Alrighty I think I’m understanding things a little better now, sorry Animiral, been a busy week I’ll look into it more in the coming days to figure out why there’s the apparent shift there.

I’m not exactly sure what I’m looking at at lizzie, when I go from move 80 to 81, there’s a huge point drop of the graph in lizzie, yet the bar graphs up top don’t change until the next move.

Eugene · June 8, 2019, 4:03pm

I think that Lizzie has its own problem in this respect, confounding our analysis of this bug.

As you say, the bar charts in Lizzie are for the turn prior. Seems like a bug to me.

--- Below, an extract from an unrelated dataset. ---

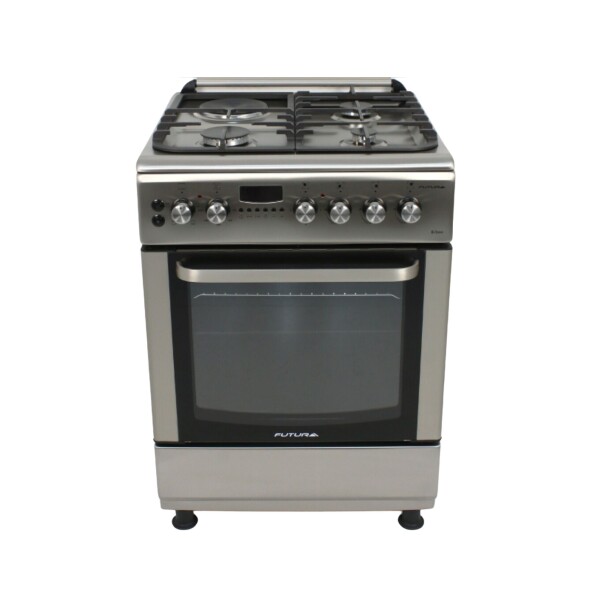 Cocina combinada Futura Plus FUT-60-CM31X Bilbao Inox acero inoxidable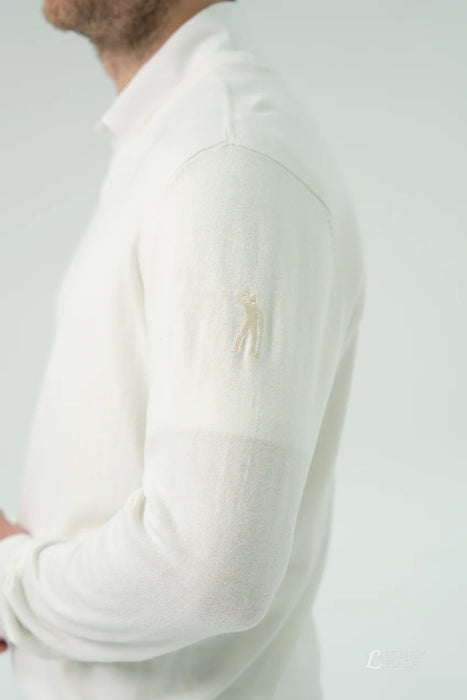 Seve 8424 Knitted Sweater Biege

Bernhard · June 9, 2019, 3:23pm

Not sure if this has been adressed already, just leaving two quick suggestions here:

If the game times out at move 0, before anybody plays a move, an AI review is really not necessary, and should be disabled by default
If 2 supporters are playing each other, 2 separate reviews are queued, which seems excessive. Only one (the better one) should be done.

square_fuseki · June 9, 2019, 8:07pm

I have suggestion:
after game is finished, players should instantly see who Leela Zero thinks is won. On timeouts especially. Sometimes people assume they won just because opponent mistakenly resign.

Just % of 1 last move with no move suggestions for both supporters and not-supporters before full review.

Eugene · June 9, 2019, 11:36pm

Is this suggestion like “finally, we can quickly get an AI to tell the players how the scoring should go?”

I wonder if LZ can be fired up quickly enough to contribute to the scoring phase with this judgement. It’d be awesome.

Or did you mean after the scoring - as an indication whether a resignation was a “good call”. Even that would be useful I agree.